Since the whole point is to reduce congestion, implementing a cap (price ceiling) is absurd. When a price ceiling is set, a shortage occurs. In the case of road usage pricing, a shortage means a shortage of capacity.

In other words, you end up with traffic congestion and tolls, the worst of both worlds.

I read a similar thing about Houston where it's capped at $8 and has little effect on reducing congestion. The first course of action should be to remove the price cap. (And expand the number of paid lanes, which would decrease the cost paid by drivers by spreading it out over more lanes.)

You can't have your cake and expect it to eat it too by imposing usage pricing with price caps.

Economics 101: price ceilings cause shortages.

There's a proposal for an express lane on US 101 in California, and when they hit the cap the lane will become "HOV only".
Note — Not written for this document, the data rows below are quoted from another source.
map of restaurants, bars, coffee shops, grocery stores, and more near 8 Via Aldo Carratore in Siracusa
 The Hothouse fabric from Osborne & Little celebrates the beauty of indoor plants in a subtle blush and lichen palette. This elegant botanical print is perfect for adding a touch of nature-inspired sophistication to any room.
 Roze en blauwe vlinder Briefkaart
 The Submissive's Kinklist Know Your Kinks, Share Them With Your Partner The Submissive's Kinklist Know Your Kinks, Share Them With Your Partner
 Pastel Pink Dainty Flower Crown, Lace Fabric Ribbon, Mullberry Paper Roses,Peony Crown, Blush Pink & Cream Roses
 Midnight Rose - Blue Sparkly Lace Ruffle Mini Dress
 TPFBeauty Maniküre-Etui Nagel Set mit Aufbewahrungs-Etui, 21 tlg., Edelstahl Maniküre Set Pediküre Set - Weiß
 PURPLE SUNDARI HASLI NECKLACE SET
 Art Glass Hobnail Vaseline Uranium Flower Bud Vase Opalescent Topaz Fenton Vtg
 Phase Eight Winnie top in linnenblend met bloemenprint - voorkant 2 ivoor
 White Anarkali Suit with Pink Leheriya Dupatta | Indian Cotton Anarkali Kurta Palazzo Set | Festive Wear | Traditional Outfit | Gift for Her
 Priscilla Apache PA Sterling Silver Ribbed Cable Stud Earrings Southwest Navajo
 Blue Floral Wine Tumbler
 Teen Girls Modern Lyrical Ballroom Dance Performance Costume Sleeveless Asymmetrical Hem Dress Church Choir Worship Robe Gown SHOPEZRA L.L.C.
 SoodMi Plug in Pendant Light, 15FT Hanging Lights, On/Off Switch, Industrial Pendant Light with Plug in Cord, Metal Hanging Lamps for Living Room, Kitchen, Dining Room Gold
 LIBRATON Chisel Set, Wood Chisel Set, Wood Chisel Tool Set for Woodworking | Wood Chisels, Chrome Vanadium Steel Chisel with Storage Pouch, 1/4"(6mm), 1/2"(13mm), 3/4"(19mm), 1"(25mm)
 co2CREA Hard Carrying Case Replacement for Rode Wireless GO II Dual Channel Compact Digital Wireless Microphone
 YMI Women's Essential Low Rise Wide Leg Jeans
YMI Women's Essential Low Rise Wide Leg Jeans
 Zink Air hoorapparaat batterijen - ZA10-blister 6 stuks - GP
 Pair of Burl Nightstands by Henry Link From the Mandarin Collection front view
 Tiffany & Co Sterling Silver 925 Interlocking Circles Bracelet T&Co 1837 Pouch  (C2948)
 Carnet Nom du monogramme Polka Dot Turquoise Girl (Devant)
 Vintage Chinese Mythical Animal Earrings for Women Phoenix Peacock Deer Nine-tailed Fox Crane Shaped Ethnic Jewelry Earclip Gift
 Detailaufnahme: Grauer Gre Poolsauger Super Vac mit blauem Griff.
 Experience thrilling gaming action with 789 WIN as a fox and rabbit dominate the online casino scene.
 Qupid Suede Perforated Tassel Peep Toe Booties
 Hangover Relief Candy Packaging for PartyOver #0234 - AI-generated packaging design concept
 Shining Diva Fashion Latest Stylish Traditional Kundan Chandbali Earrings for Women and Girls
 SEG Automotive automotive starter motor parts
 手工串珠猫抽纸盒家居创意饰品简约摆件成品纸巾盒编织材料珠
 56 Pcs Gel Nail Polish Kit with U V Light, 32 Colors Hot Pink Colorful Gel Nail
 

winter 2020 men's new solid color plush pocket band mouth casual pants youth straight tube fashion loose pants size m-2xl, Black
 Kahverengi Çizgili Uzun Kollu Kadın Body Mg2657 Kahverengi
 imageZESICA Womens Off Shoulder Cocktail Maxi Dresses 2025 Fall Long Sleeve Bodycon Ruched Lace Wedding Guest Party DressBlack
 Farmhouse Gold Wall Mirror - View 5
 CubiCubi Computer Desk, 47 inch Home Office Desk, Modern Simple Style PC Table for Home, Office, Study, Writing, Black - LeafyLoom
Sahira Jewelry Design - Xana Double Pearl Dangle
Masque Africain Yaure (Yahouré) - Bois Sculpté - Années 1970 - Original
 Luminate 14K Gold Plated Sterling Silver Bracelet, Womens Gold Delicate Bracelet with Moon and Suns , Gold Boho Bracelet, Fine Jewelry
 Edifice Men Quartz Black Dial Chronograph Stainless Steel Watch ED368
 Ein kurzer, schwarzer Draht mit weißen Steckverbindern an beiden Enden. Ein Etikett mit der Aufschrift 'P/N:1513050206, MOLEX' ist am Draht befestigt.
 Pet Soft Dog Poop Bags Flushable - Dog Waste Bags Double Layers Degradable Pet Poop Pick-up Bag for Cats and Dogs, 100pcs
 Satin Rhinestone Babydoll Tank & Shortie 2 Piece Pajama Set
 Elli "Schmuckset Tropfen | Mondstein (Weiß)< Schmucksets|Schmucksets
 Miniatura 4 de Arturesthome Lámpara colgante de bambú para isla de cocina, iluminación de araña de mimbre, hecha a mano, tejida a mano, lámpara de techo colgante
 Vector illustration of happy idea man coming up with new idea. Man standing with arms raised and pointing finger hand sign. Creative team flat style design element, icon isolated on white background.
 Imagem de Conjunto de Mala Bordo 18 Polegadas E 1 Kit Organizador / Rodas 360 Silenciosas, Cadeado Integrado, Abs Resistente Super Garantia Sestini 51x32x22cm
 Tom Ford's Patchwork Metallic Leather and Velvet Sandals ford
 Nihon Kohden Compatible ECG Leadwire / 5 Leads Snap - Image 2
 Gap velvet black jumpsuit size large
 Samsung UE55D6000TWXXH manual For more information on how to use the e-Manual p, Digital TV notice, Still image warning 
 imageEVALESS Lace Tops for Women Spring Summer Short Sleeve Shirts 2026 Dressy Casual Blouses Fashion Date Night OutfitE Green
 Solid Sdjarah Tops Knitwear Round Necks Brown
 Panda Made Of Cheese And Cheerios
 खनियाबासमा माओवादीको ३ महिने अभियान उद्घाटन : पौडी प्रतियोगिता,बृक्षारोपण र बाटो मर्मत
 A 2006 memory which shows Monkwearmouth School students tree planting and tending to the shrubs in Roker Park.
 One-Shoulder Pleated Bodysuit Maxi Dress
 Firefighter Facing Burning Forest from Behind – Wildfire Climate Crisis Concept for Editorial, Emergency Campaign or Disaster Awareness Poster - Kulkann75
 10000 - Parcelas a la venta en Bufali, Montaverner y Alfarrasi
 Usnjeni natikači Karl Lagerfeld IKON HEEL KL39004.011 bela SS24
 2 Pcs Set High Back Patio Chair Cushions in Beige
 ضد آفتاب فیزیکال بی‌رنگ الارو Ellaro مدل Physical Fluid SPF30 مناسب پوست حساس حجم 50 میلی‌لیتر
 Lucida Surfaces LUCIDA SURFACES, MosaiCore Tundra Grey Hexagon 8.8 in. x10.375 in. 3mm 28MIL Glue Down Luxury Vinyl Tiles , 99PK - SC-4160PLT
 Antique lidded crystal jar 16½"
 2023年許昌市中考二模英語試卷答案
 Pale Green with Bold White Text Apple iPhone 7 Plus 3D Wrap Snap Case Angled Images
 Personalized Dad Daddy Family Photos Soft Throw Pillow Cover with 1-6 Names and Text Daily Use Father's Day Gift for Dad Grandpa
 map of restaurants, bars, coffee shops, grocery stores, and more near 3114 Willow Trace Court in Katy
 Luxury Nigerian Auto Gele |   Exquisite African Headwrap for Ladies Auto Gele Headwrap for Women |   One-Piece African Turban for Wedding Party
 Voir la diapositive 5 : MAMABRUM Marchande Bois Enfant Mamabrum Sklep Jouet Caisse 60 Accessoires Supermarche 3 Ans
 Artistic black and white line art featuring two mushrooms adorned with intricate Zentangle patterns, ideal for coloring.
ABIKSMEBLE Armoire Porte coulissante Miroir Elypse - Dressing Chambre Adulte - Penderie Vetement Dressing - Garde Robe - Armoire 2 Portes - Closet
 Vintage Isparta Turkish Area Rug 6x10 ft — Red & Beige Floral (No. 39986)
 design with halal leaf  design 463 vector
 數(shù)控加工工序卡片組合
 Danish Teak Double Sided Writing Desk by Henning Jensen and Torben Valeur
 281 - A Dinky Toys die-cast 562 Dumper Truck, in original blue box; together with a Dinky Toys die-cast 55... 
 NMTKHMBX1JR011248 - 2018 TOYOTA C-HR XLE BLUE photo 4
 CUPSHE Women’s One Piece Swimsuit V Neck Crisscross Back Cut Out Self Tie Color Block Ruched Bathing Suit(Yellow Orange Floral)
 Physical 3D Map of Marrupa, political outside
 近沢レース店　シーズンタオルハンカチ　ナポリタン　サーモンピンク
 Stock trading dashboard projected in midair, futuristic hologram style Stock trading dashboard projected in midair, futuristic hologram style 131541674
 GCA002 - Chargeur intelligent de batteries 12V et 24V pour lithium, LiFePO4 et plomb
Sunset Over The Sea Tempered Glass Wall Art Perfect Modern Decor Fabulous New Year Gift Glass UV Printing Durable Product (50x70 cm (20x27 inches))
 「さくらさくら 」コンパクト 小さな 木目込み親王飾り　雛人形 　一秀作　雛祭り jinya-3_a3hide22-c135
I wonder if congestion will ever get so bad that they'll have to start adding tolls for HOV vehicles too.

Interesting system. That's effectively a sudden massive increase in price to whatever the fine is for an HOV violation. But the fact that it's a fine rather than a traditional price will change the way people think about it.
The difference is that Uber doesn't need a whole bunch of infrastructure to run the surge pricing program; they already have an app, surge is just another algorithm.

But toll lanes need infrastructure that needs to be constantly maintained. Your toll is paying for the times that the toll is not active. And now that the toll gates and whatnot are all setup, it will be much easier for a politician to expand their usage after a few years.

Aside from all that, we have a similar setup in Ontario, Canada. One of our major highways has a "hot" lane, which can be used for cars with 2+ people or by cars with a special sticker you pay monthly for. The problem is, all of the traffic we experience is around the interchanges and off ramps. All of the lanes move very well until you hit an interchange, where there is a flurry of lane changes and everything grinds to a halt. So you'll shave 5 minutes off your commute using the Hot lane, only to waste it all at the interchanges. Then, when you want to get off the highway, you have to sit in a line at the off ramp, and a line at the next few stop lights right after.

Toll lanes are just such a huge farce. It would be much more effective to tax companies that require in-office staff. You want people to drive to work just to sit at a desk and use a computer? Pay up. Use corporate tax to change the commute behaviour.

This isn’t Canada. Your tolls are used to make the operator and the people who operate EZPass a bunch of cash.
Why does all coverage and outrage about this seem to ignore the fact that it used to be HOV ONLY before, and now HOV is still free? A $35 toll is still less than the $125 ticket you used to get if driving alone.
It wasn't always HOV only. It is a road, paid for by taxes which used to be open for all. Then it became one lane HOV, then all lanes at certain hours and now the fees are through the roof.
Oh, I thought the tolling was during the same hours as the previous HOV limitations. I admit, I haven't paid very close attention.
Almost. They slightly expanded the hours from before.
Have you considered car-pooling or public transit options? It seems like the goal is clear - to have fewer cars on the road.
The public transportation in that area is a joke. It's embarrassing that the metro is the subway for our nation's capital.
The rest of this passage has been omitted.